I have talked about the five whys in my own Inquiry. This is where as a buddy you as five why questions about the problem. 
 For this they used a clear grid and worked in pairs. A why question might be why does it take so long to tidy up? this might lead to the answer students are talking. Why are they talking etc. 

I find it interesting they are using this design thinking process with kids. I know it has been successful for me as a adult. I would like to try this with my kids. 

Half of the time is spent on thinking about the problem and the thinking behind it. It is a long game and the thing they create is not as important as the process. 

Empathy profile-Empathy is at the heart of the design thinking process. The learners have to put themselves in the shoes of the person/people whose actions you are trying to change. 

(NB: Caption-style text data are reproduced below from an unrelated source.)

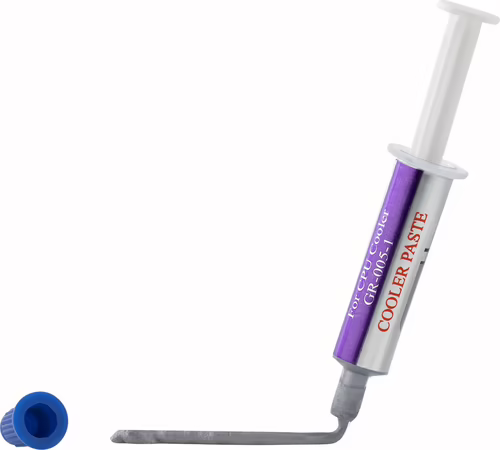 StarTech.com Pasta Termica Jeringuilla de 1.5g Grasa Compuesto Thermal Grease Si | SILVGREASE1 | 0065030788847 imagen 4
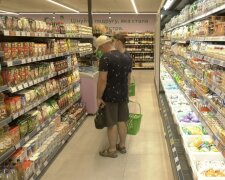 Дефіцит продуктів у Дніпропетровській області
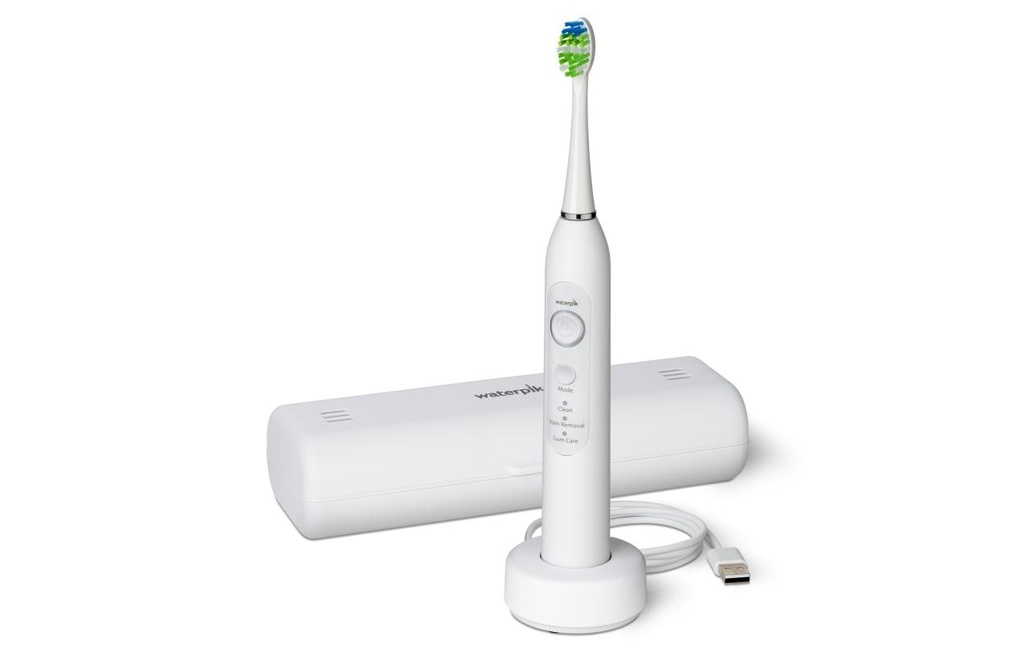 Waterpik Brosse à dents sonique Sensonic STW-03 Blanc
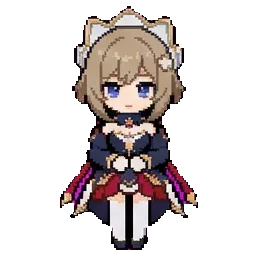 Sandrone sprite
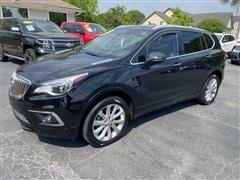 2016 Buick Envision 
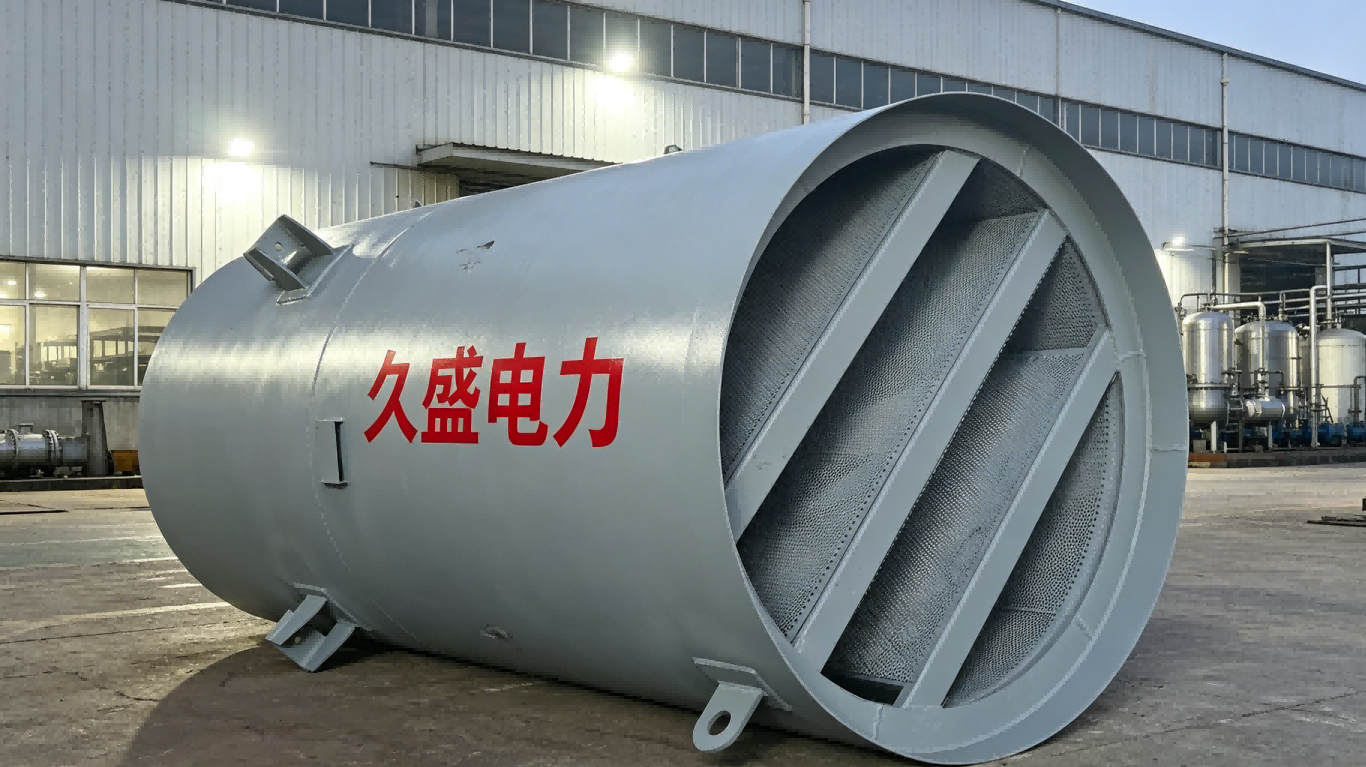 休宁锅炉消声器
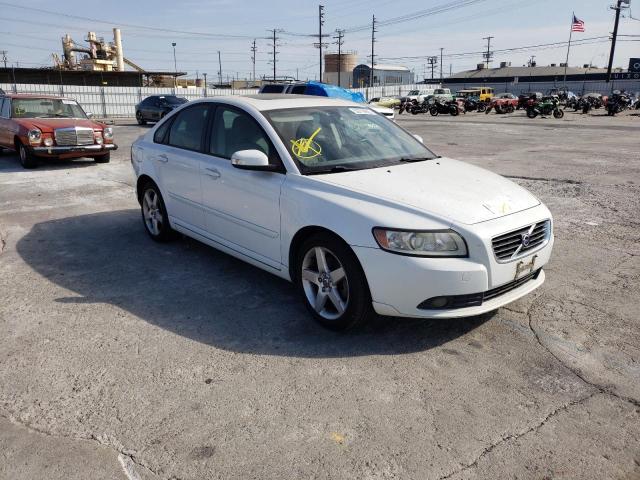 VOLVO S40 2.4I 2008 with VIN YV1MS390182391914 - Photo from auction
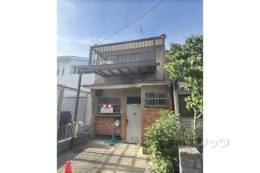 嵯峨苅分町10-15貸家外観写真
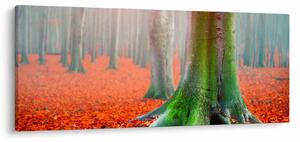 Slika drveća (120x50 cm)
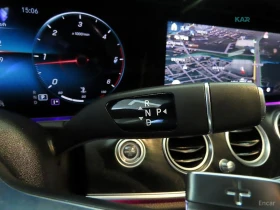 Mercedes-Benz E 220 AMG* 360 КАМЕРА* ПОДГРЕВ* HEADUP* ПАМЕТ, снимка 12
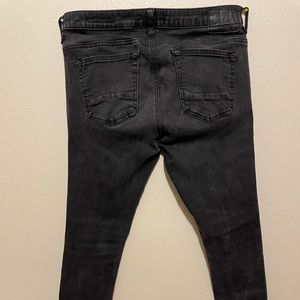 Pac Sun active skinny jeans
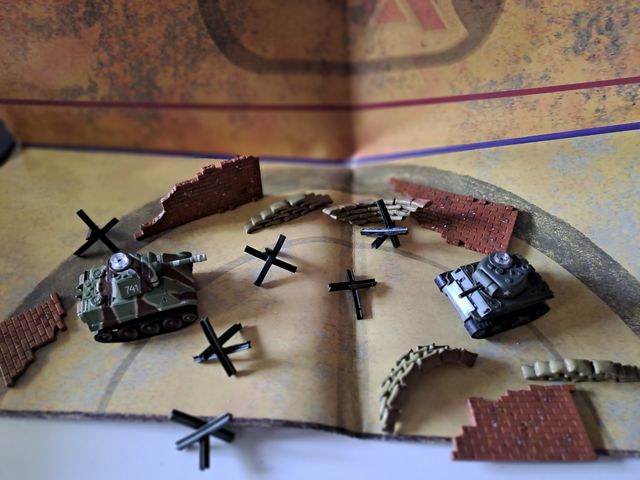 Dx combo set. Tanques. PARA ARREGLAR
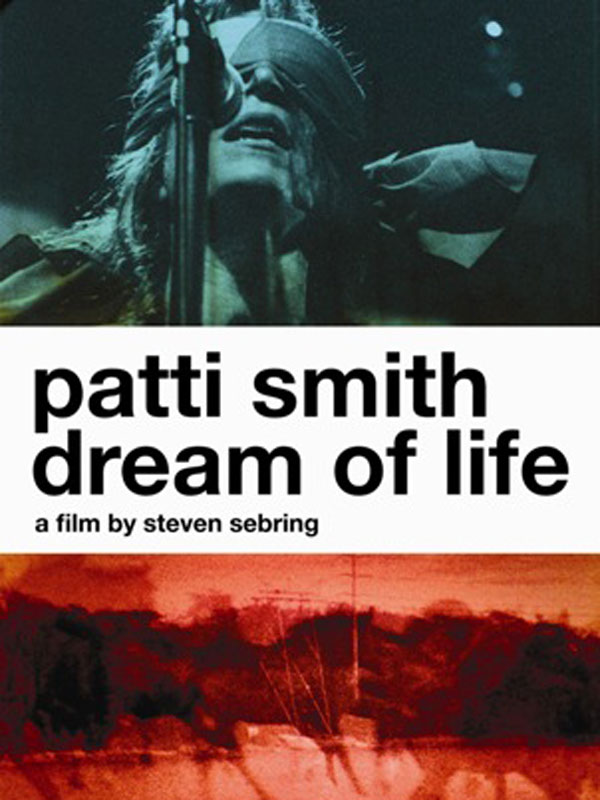 Patti Smith: Dream of Life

This is the template they use: 
The children would go in the middle of this template. Then around the outside I would be identifying why the children mess around instead of tidying up and what motivates them to do this. 

Student then act as the person in their profile this helps them to connect and understand the problem. 

We use HOW MIGHT WE..... Question in inquiry. You can have a whole lesson on questions. Writing good questions is an important part of the learning for our kids. It is so important that the question is specific and answerable. Big question don't help our learners. 

How might we speed up the process of tidying so we can save time in our day?

They then publish their problems with a picture of themself and print them to put in the wall. 
 Remember: Fall in Love with the Problem NOT the solution. 
It is about always bring the focus back to the problem. Having the problem visible helps to the kids to keep coming back to your problems. 

In this activity, is like the crazy 8s you can see in this blog post. They say that they give them 40 sec for each square. You can give them ideas if they get really stuck. 

Once they focus on one or some idea form a plan and get feedback on your storyboard. 

They then list every single step they are going to take on a post it note. Then they put it in order of what they are going to do. They students who do this well had a much more successful process. 

They begin prototyping. Revising their prototype and considering how this will look in its finished form. They get feedback from others to help them develop their prototype. 

They then think how will be share our project? 

Feedback-They have their feedback grid which they use to get feedback on their project. 

One of the great things I have noticed about this process is the huge amount of feedback.